Beinahe ebensoschnell meldete sich auch das Arbeitsamt wieder bei Ingrid Gödde. »Mein Herr Müller, Meier, Schulze schickte mir ein Paket, da drin waren sämtliche notwendigen Formulare zur Gründung einer neuen Existenz.« Sie rief gleich an und fragte, »was das denn jetzt soll«, und Herr »Müller, Meier, Schulze &« sagte, sie habe doch immer schon davon gesprochen, sich selbständig machen zu wollen, und sie solle das jetzt noch schnell machen, bevor Hartz IV käme und es ernst würde. Sie arbeitete noch ein halbes Jahr als Honorarkraft bei Seitenwechsel, einem engagierten Projekt, das der Internationale Bund finanzierte.

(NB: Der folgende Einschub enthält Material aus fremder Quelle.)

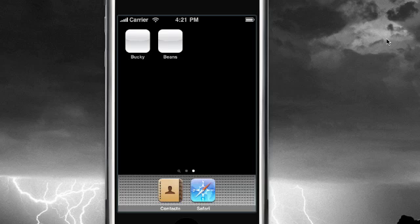What is going on guys, it is Bucky and welcome to your 21st iPhone Development Tutorial. And look at the time, 4:21. Coincidence? I think not.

Bis der Bund ausstieg. Dann rief sie den Mann vom Arbeitsamt noch einmal an. Sie bekäme als IchAGlerin im ersten Jahr ihrer Existenzgründung 600 Euro monatlich, im zweiten noch 360 und im dritten noch 140 Euro, rechnete ihr der Mann vor. »Ich hab mich zur Existenzgründung überreden lassen. Außerdem wurde gerade der Laden in der Katzbach 6 frei.« Aber auf die Variante IchAG hat sie verzichtet, sie hat die »Risikovariante« gewählt: Noch ein halbes Jahr Arbeitslosengeld, dann muß der Laden laufen. Und jetzt gibt es einen bunten Tupfer im Grau der langen Front der Katzbachstraße. Saïdi ist ein kleines, außergewöhnliches Geschäft, in dem es alles das gibt, was Ingrid Gödde schon immer haben wollte. Denn manchmal verwandelt sich Ingrid Gödde, diese Frau, die so fest auf ihren Beinen in diesem Leben steht, in eine Figur aus 1001er Nacht, dann ist sie Imadi, die orientalische Tänzerin. In ihrem kleinen Laden, der mit dem Teetischchen und den Sitzkissen ein bißchen so aussieht wie die kleinen Buden der Medina, verkauft sie jetzt Kostüme, sie hat Tücher, Schmuck und Schuhe, sie hat alles, was die Herzen orientalischer Tänzerinnen begehren.

Foto: Privat
Seit 12 Jahren nämlich tritt sie auf, seit einiger Zeit zusammen mit der Gruppe Nav al Medina. Es gibt viele Tänzerinnen in der Stadt, die meisten sind jünger. Aber manchmal möchte eine Frau für ihren fünfzigjährigen Göttergatten eben keine zwanzigjährige Tänzerin, sondern so eine wie Imadi. Und dann zieht sich Ingrid Gödde nicht hinter der Bühne, sondern in einem Schlafzimmer in Lichterfelde um. Imadi wäre nicht Ingrid Gödde, wenn sie das nicht täte. Sie tanzt sogar in unorientalischen Krankenhäusern, in Altersheimen und findet das »superok«. »Ich tanze auch für Wirtschaftsbosse, ich habe nichts gegen Geld«. Ingrid Gödde ist keine Sozialromantikerin und keine Sozialarbeiterin, sie mag auch keine pathetischen Worte. Aber irgendwie geht es immer auch um etwas mehr im Leben als ums Officemanagement, um Bordüren, Computer oder das Tanzen. Sie hat bei allem, was sie macht, einen Anspruch: Es muß Spaß machen. Und irgendwann einmal sagt sie sogar: »Ich möchte Lebensfreude vermitteln«. Das tut sie. Ganz egal, was sie gerade macht.